A word-for-word copy of the entries, with the images left out, is what you should write.

Dataset entries →
........
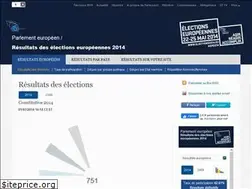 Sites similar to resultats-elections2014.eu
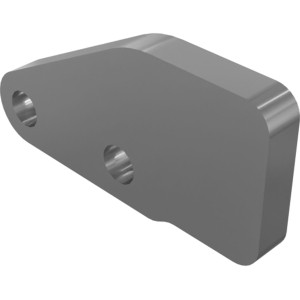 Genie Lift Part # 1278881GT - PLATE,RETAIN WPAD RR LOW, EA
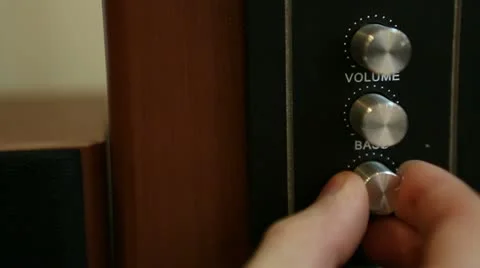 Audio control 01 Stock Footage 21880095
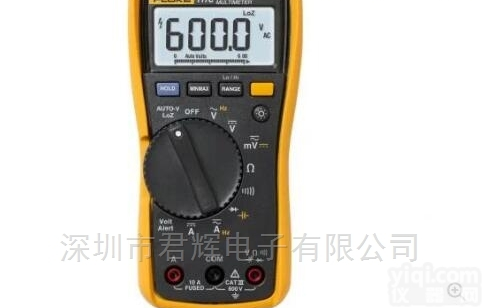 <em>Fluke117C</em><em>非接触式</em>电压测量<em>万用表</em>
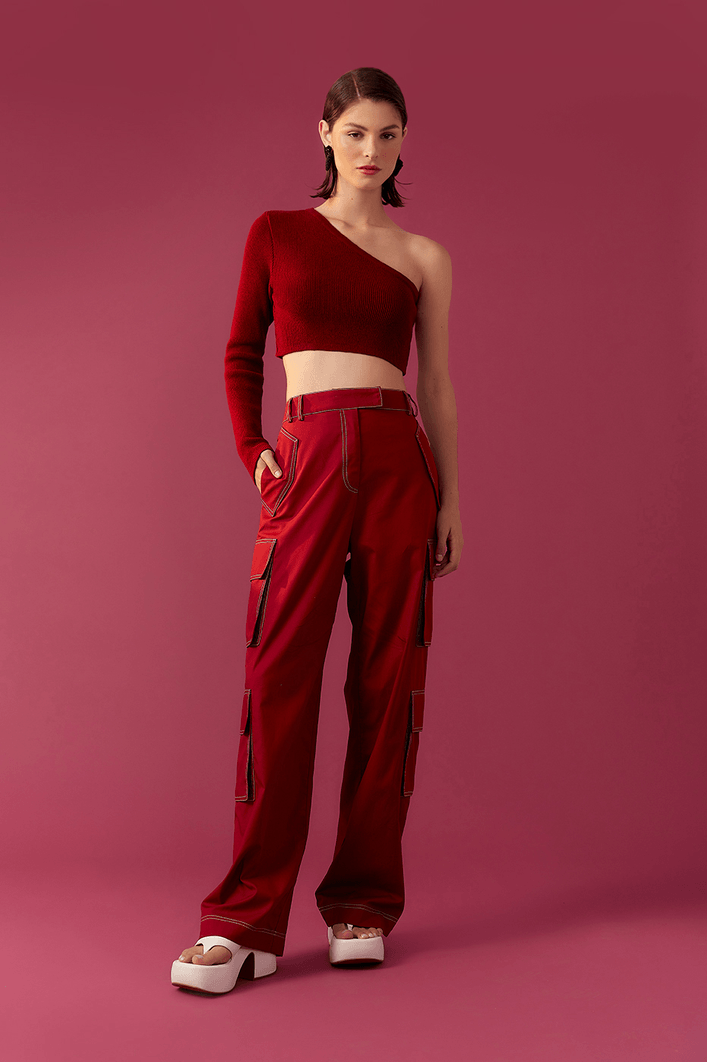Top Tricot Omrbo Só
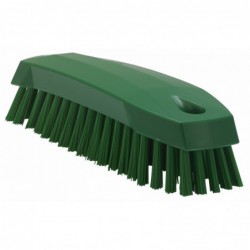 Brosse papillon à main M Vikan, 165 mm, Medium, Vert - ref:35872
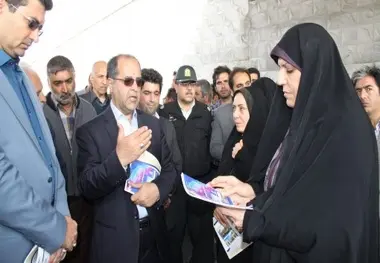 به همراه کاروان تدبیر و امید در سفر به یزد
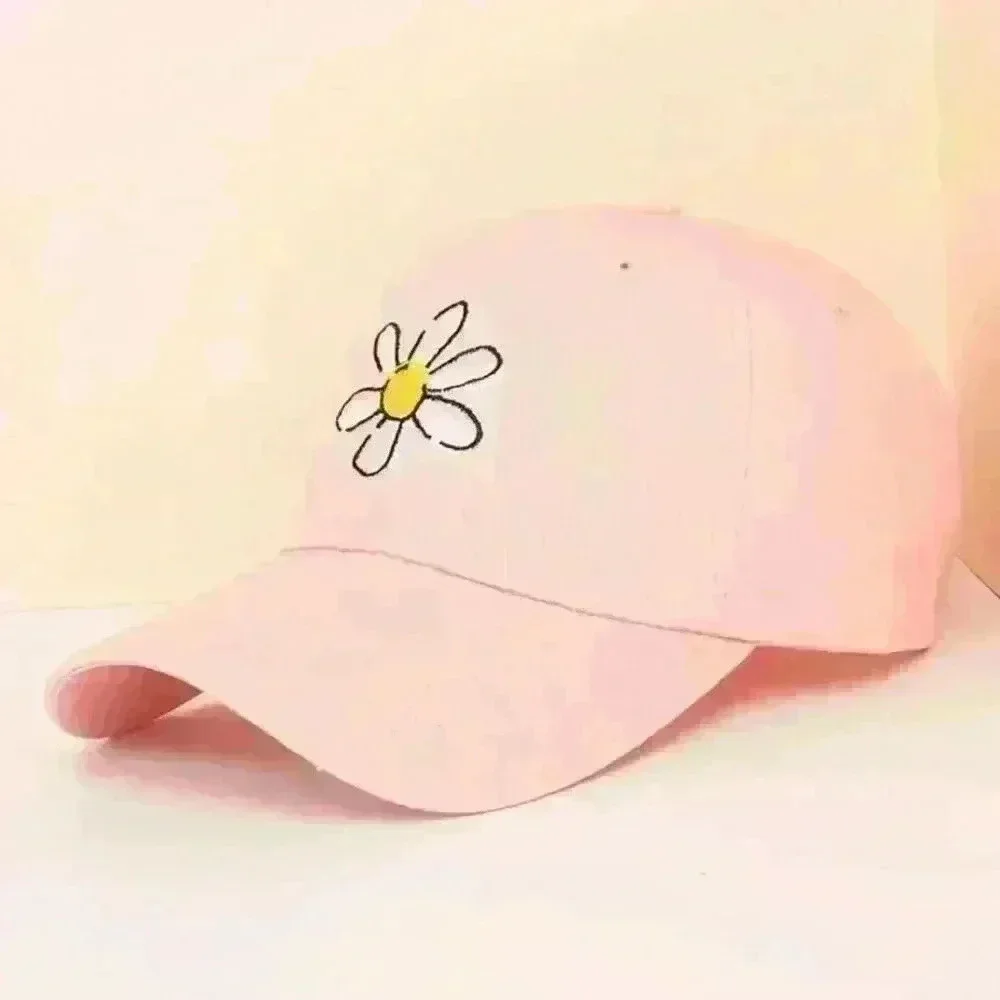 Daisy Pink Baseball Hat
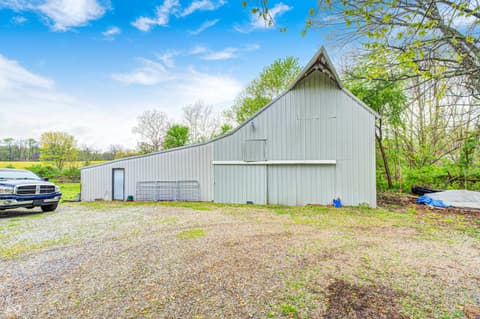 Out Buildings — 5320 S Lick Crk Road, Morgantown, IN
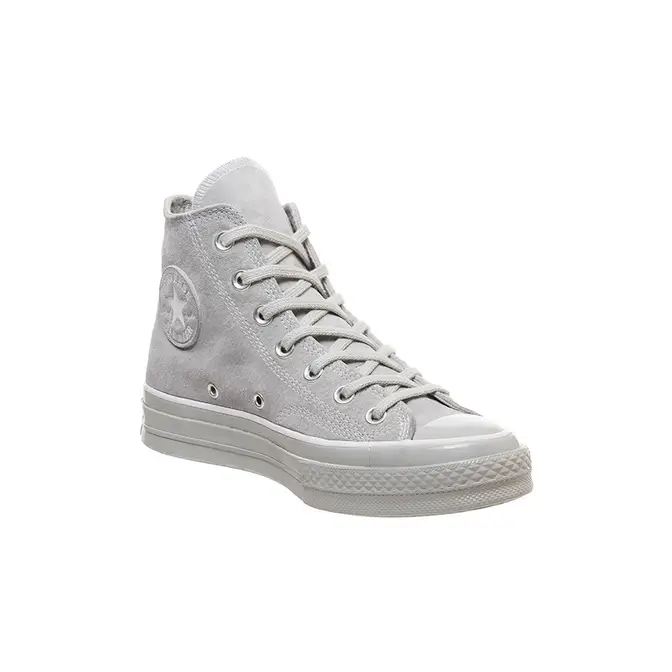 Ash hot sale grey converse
........
COMPLETED EXERCISE →
 Sites similar to resultats-elections2014.eu
 Genie Lift Part # 1278881GT - PLATE,RETAIN WPAD RR LOW, EA
 Audio control 01 Stock Footage 21880095
 <em>Fluke117C</em><em>非接触式</em>电压测量<em>万用表</em>
Top Tricot Omrbo Só
 Brosse papillon à main M Vikan, 165 mm, Medium, Vert - ref:35872
 به همراه کاروان تدبیر و امید در سفر به یزد
 Daisy Pink Baseball Hat
 Out Buildings — 5320 S Lick Crk Road, Morgantown, IN
 Ash hot sale grey converse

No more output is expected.